**Records shown**
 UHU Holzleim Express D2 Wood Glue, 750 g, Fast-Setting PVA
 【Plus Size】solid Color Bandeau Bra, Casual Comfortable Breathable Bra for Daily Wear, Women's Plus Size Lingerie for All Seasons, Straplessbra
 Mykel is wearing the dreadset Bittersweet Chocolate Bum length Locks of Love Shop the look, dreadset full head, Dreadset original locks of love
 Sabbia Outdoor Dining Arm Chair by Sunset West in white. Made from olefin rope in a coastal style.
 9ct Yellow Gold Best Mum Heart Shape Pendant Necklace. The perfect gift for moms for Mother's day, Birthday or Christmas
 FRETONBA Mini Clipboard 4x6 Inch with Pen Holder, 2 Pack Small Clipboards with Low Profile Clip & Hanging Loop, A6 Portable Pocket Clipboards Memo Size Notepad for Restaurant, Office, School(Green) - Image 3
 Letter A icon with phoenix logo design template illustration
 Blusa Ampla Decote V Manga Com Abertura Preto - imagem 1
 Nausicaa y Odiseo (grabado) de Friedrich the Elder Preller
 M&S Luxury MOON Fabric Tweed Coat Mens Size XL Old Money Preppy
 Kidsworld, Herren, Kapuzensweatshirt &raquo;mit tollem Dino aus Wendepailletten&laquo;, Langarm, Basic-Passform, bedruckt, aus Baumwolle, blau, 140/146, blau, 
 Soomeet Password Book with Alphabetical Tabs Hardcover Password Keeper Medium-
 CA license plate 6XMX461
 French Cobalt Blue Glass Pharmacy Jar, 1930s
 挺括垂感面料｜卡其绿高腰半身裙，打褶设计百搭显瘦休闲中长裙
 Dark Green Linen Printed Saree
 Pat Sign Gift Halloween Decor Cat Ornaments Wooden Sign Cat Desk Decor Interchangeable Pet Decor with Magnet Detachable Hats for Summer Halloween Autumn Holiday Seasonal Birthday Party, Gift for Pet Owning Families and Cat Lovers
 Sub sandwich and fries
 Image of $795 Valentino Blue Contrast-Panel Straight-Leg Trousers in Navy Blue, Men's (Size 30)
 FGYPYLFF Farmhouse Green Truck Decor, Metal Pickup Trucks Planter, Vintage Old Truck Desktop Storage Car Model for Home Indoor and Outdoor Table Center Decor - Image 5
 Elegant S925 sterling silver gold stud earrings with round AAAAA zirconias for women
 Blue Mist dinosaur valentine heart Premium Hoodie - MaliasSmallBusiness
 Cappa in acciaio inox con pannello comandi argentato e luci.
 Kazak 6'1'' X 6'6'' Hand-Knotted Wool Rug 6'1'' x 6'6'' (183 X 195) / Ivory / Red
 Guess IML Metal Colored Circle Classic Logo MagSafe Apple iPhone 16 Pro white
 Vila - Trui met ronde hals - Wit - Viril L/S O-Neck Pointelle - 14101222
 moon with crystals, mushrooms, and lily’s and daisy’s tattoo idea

**Exercise brief**
The answer should hold only the lines from the start of the records above through the line containing "Mykel is wearing", each set down exactly.

**Output of the task**
 UHU Holzleim Express D2 Wood Glue, 750 g, Fast-Setting PVA
 【Plus Size】solid Color Bandeau Bra, Casual Comfortable Breathable Bra for Daily Wear, Women's Plus Size Lingerie for All Seasons, Straplessbra
 Mykel is wearing the dreadset Bittersweet Chocolate Bum length Locks of Love Shop the look, dreadset full head, Dreadset original locks of love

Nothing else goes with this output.